Timeline

When it started broadcasting on April 13, 1922, KHJ became the second radio station on the air in Los Angeles. Known as “The Times Radiophone” because of being owned by the Los Angeles Times newspaper, the station was housed within a 10-foot by 12-foot room atop the original LA Times building. The famous transmitter site where the radio towers for KHJ were located the Fairfax district of Los Angeles is now gone. But, you still can drive or walk by the building at 5515 Melrose Avenue in Hollywood where the studios of KHJ in 1960s were located.

Back in those early days, newspapers regarded radio as competition. If you were a newspaper company that could own a radio station, well then, that would be a whole different matter! Since KHJ was owned by a powerful Los Angeles newspaper company, the station derived benefits from the corporation’s considerable promotional reach. Most notably, the affiliation with the Los Angeles Times pumped up the resale value of KHJ. Don Lee, a successful Cadillac dealer in Southern California, bought the station from the newspaper, and ultimately KHJ and the entire network (operated by Lee’s son Thomas after his father died) was merged into RKO Radio.

As I already mentioned, those famous call letters were intended to convey a sense of “Kindness, Happiness and Joy.” You would not believe that at one time, the early KHJ signed-off each night with an announcer reciting this poem:

May kindness, happiness and joy
be with you all the day.
And may the God who loves us all
Forget not KHJ!

God will not fail to watch thy sleep
And wake thee with his light.
And now dear friends of KHJ
I wish you all goodnight.

In these gloriously politically correct days of the 21st century, can you imagine a station signing off with a poem like that? And unlike today when stations broadcast 24 hours a day, in the earliest days of radio, KHJ and all stations of the day, had to sign off for three minutes out of every 15 so that any potential distress calls might be heard from ships at sea.

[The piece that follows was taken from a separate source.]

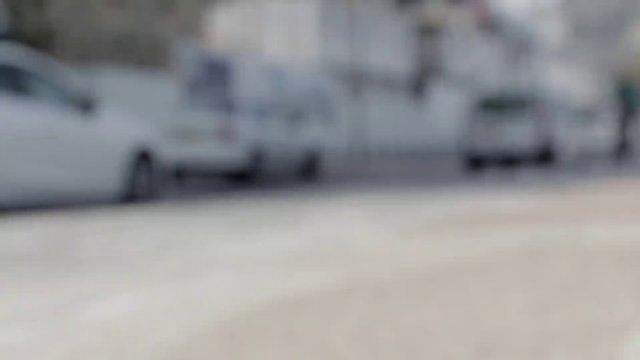 Blurred cars in slow-moving traffic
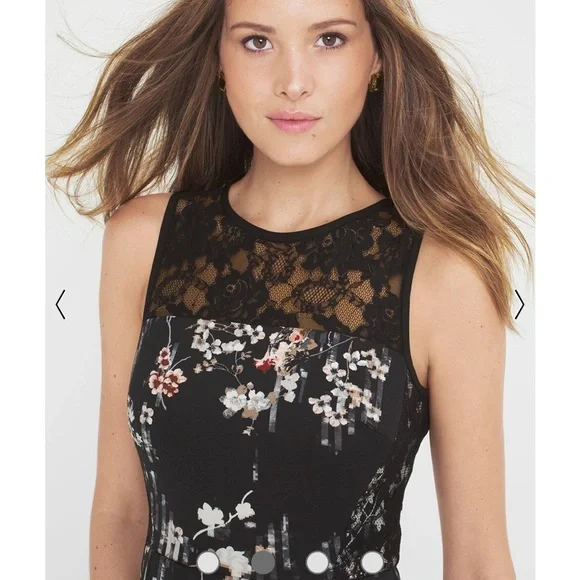 WHBM Floral-Print Fit-And-Flare Dress - Picture 2 of 11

I can just imagine the announcer opening his microphone to say, “Okay, Los Angeles, we’ll be right back to the big band sound after we take a short time-out for distress calls from all the guys slogging away on those fishing boats off Santa Catalina.”

Technology Changes Everything

Another major difference in those days before the invention of tape recorders was that radio, out of necessity, had to rely upon live (not recorded) broadcasts. It was possible to make one-of-a-kind recordings on phonograph disks of actual radio broadcasts. But until audiotape was invented in Germany in 1928, recorded radio broadcasts were cumbersome and suffered from pops and cracks inherent to phonograph recordings of that era.

In the 1960s, KHJ, which had been located at different frequencies since the 1920s, ended up at 930 on the AM dial. Popular music of the day on AM radio was the prevailing standard in the broadcasting business back then. It wasn’t until the 1970s that FM radio emerged as the standard for music broadcasting. AM radio today is known especially for broadcasting the talk radio format, such as on at KFI, Los Angeles—one of the oldest stations in that market.

Popular music hits—once exclusively intended for people’s ears—morphed into multimedia products with video along with the audio thanks to major changes in technology. In 1981, Music Television: MTV became the first channel to show music videos exclusively. Popular music is almost always emphasizes the visual element today because of YouTube and other online video channels. Young people today can choose not to listen to radio at all. This is possible because popular music hits are available on demand with videos on television and on iTunes as well as on Pandora.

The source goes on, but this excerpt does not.